Para empezar, dulce
Se acaba el tiempo –siempre sabe a poco– de las dulces y crujientes peritas de San Juan y de las cocas verbeneras, con su fruta escarchada. Más allá de los postres, más allá de la variedad y la temporalidad de las frutas, los sabores almibarados siguen desplazándose dentro del menú. Y es que la desaparición de las barreras entre la cocina dulce y la salada, que se apuntaba como uno de los puntos característicos de la última revolución gastronómica, ha acabado por invertir los papeles en materia de azúcar.
La preocupación por lo que comemos y por evitar excesos de calorías hizo que los pasteleros se animaran a quitar azúcar a sus elaboraciones.
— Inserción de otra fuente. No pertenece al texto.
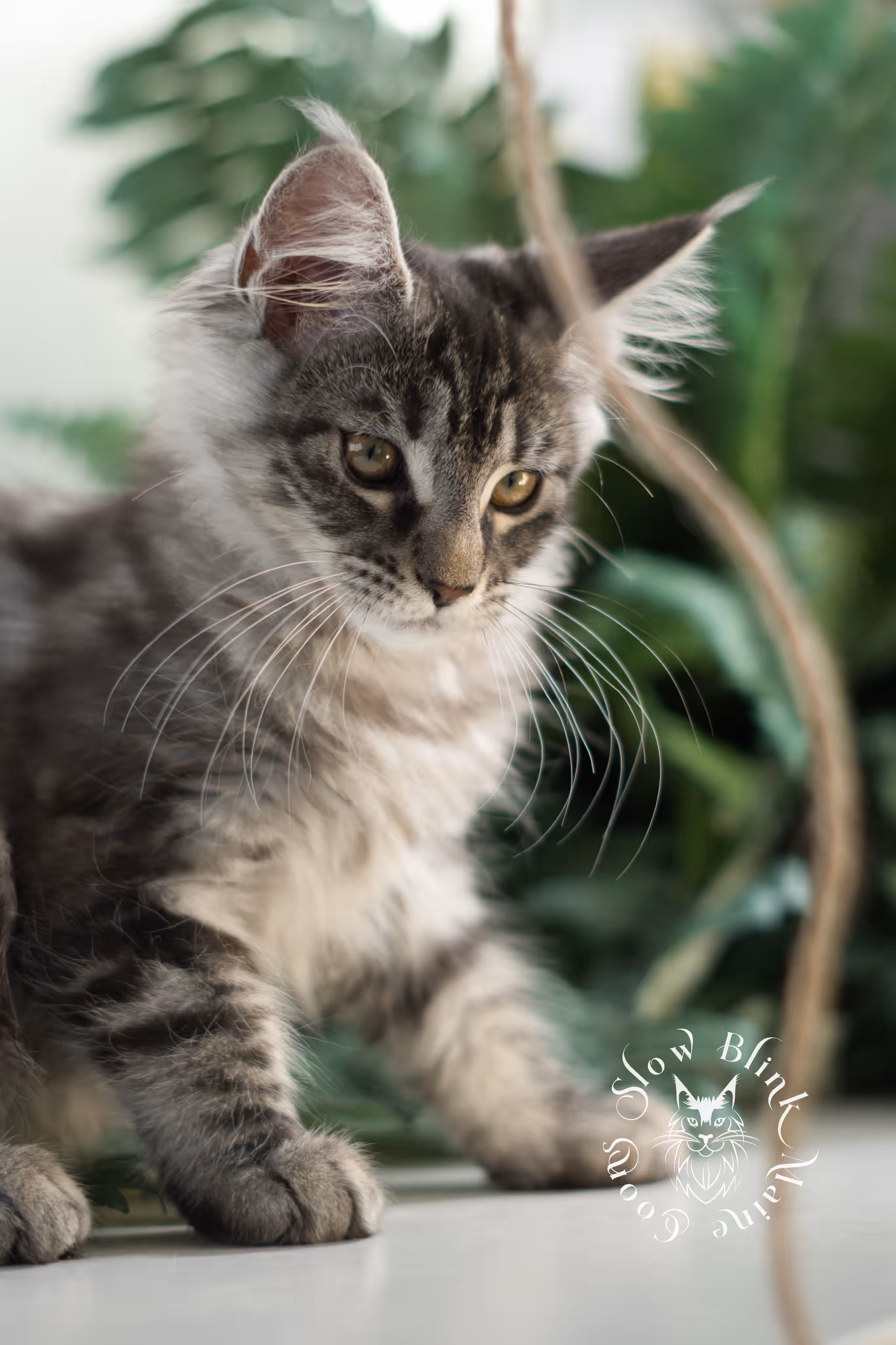 black silver tabby | maine coon kitten | ems code mco ns 22 | female | age 8 weeks | taken mar 2025 Black Silver Tabby Maine Coon Kittens > black silver tabby | maine coon kitten | ems code mco ns 22 | female | age 8 weeks | taken mar 2025 | idx 07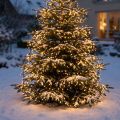 LED rýžový světelný řetěz teplá bílá pro venkovní 720er 54m | Floristik24.cz
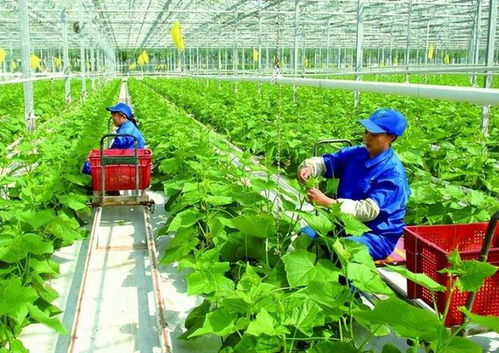 政策支持農戶合作社與公司模式 琪金食品數字化轉型與麥秸畫產業(yè)的探索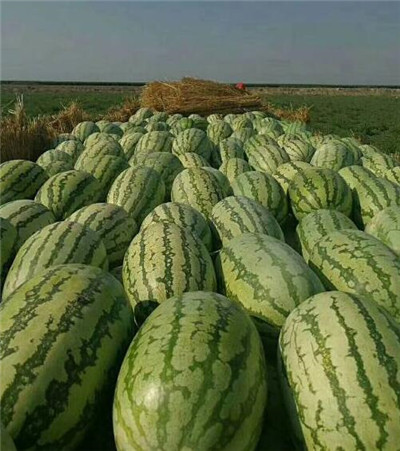 昌吉西瓜代办_新疆西瓜代办 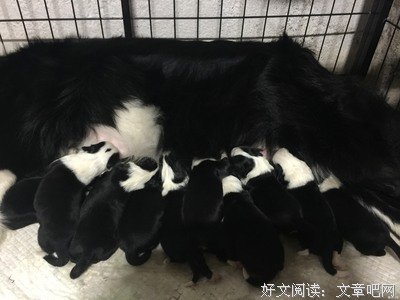 我真的好感动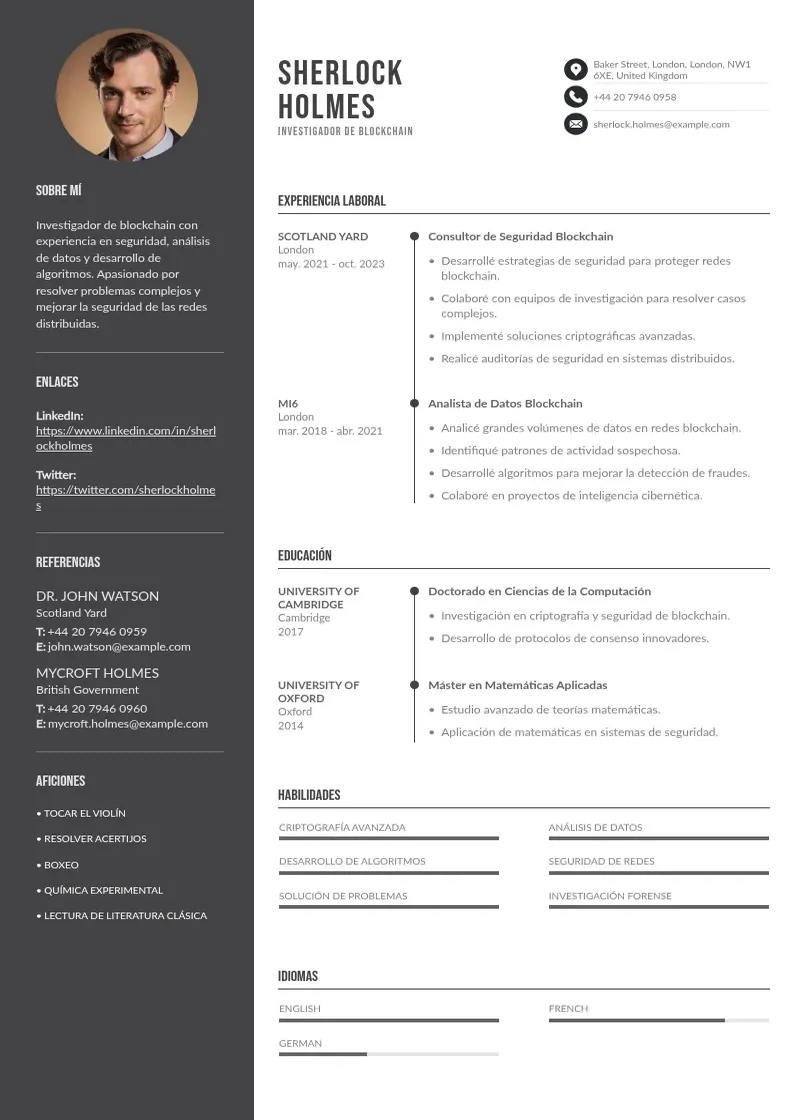 two column investigador-de-blockchain resume example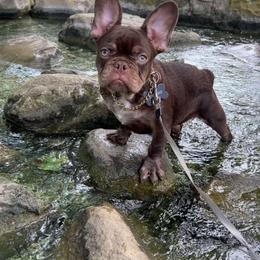 Chapparito - Tricolors male French Bulldog puppy in Los Angeles, California from westsidefrenchies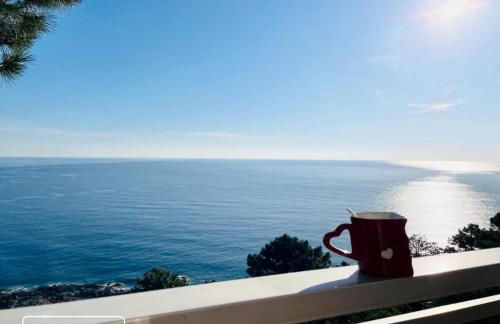 Duplex vue mer EXCEPTIONNELLE en Corse du sud proche plage - le 180Corse - Foto 25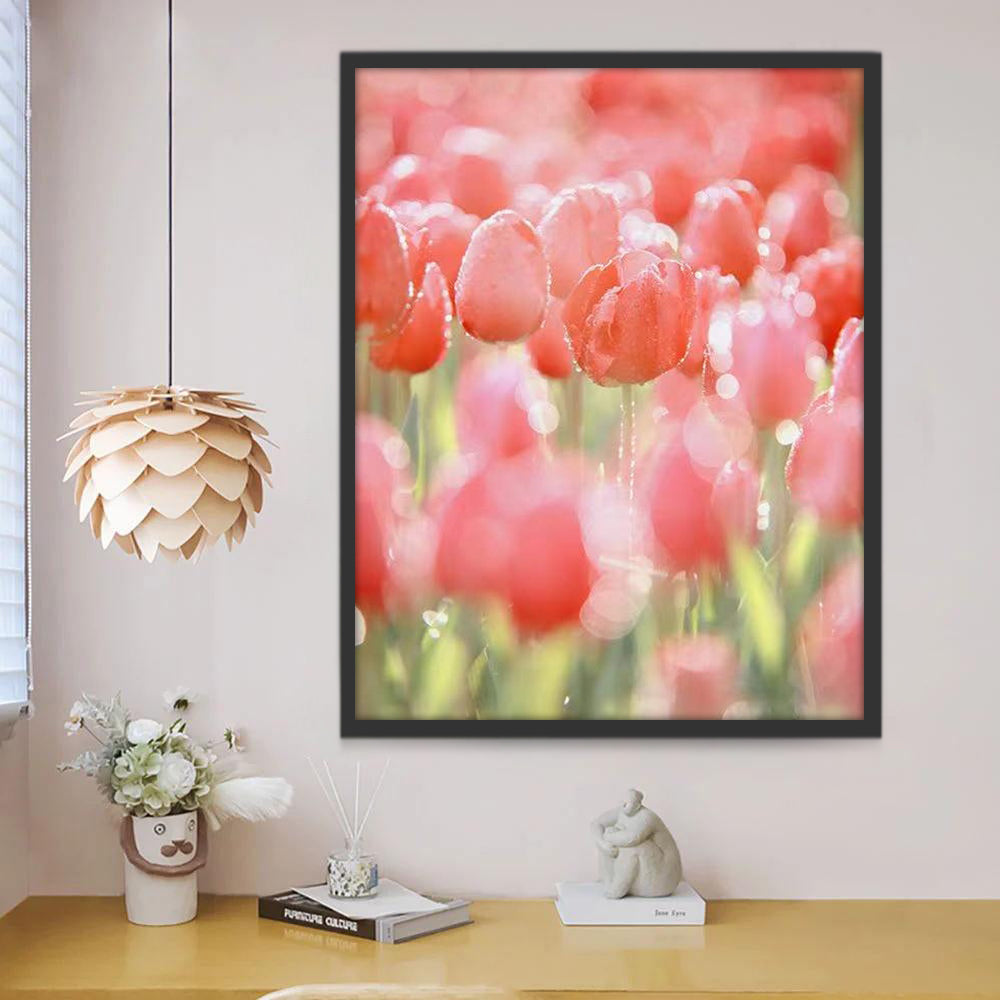 Campo de Tulipanes Rosados con Gotas de Agua Pintar por Números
Y así fue como los dulces empezaron a ser menos dulces y, quién sabe si para compensar, la cocina salada a endulzarse.
Saben los maestros del postre de restaurantes que a ellos les toca la peor parte: tratar de ganarse a un comensal que a veces llega exhausto al final de la comida, por lo que habrá que seducirlo con algo que, después de un largo menú degustación, pueda atraerle y le quepa en el estómago. Bocados originales, refrescantes y ligeros. Lástima que lo que se ha ganado por una parte se haya perdido por otra: la presencia de demasiado dulce en la supuesta cocina salada es, desde hace tiempo, tendencia.
El dulce, que en la edad media era un regalo preciado, por su escasez, y que las recetas más señoriales recomendaban para dar un toque distinguido a los platos, se ha convertido en los últimos años en enemigo de la salud. Hay quien se dedica a escrutar su presencia en la industria alimentaria, que lo camufla para hacer más apetitosas unas preparaciones que han procurado vaciar de grasas. Muchos chefs, sin embargo, se empeñan en amargarnos la comida con tanto dulce.